Later, Book of Psalms 110 connects this figure to a coming Messiah—“a priest forever, in the order of Melchizedek.”
Hebrews picks up on this and makes a powerful point: if Abraham—the father of Israel—honored Melchizedek, then this priesthood is greater than anything that came after, including the Levitical system.
And Jesus? He stands in that line.
A Priest Who Changes Everything
Unlike the old priests, Jesus’ priesthood is not based on ancestry or limited by death. As Hebrews says, it is grounded in the power of an indestructible life.
The old system required constant repetition—sacrifices over and over again, never fully resolving the problem of sin.
But Jesus is different.
He is permanent. Complete. Fully effective.
And because of Him, something new is introduced:
A better hope, by which we draw near to God (Hebrews 7:19).
What “Better Hope” Really Means
This “better hope” isn’t abstract—it’s deeply personal.
It means you don’t have to earn your way to God.
You don’t have to rely on your performance.
You don’t have to wonder if you’ve done enough.

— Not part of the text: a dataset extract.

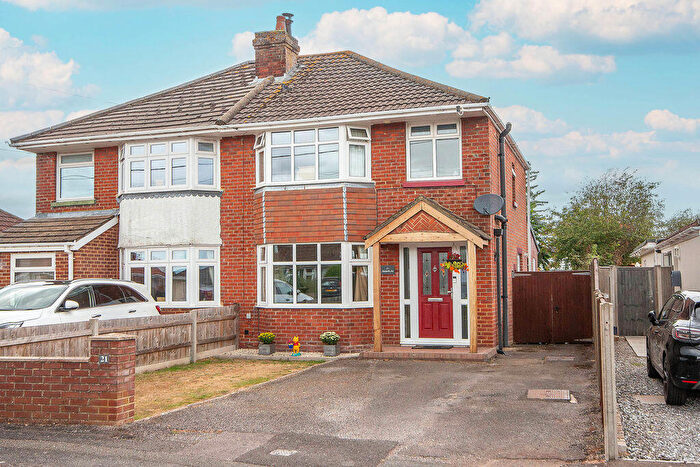 3 Bedroom Semi-Detached House For Sale In Morpeth Avenue, Totton, SO40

Through Jesus, you can draw near to God—directly, confidently, and right now.
Not when you feel worthy.
Not when you’ve cleaned everything up.
But today.
The systems we build—achievement, identity, control—can never give us that kind of access. They were never meant to.
Only Jesus can.
Where Is Your Hope?
So the question Hebrews leaves us with is simple, but searching:
Where is your hope?
Is it in your effort?
Your track record?
Your ability to keep it all together?
Or is it in the One who holds you?
Because the good news is not just that Jesus is a better priest—
It’s that in Him, you have a better hope.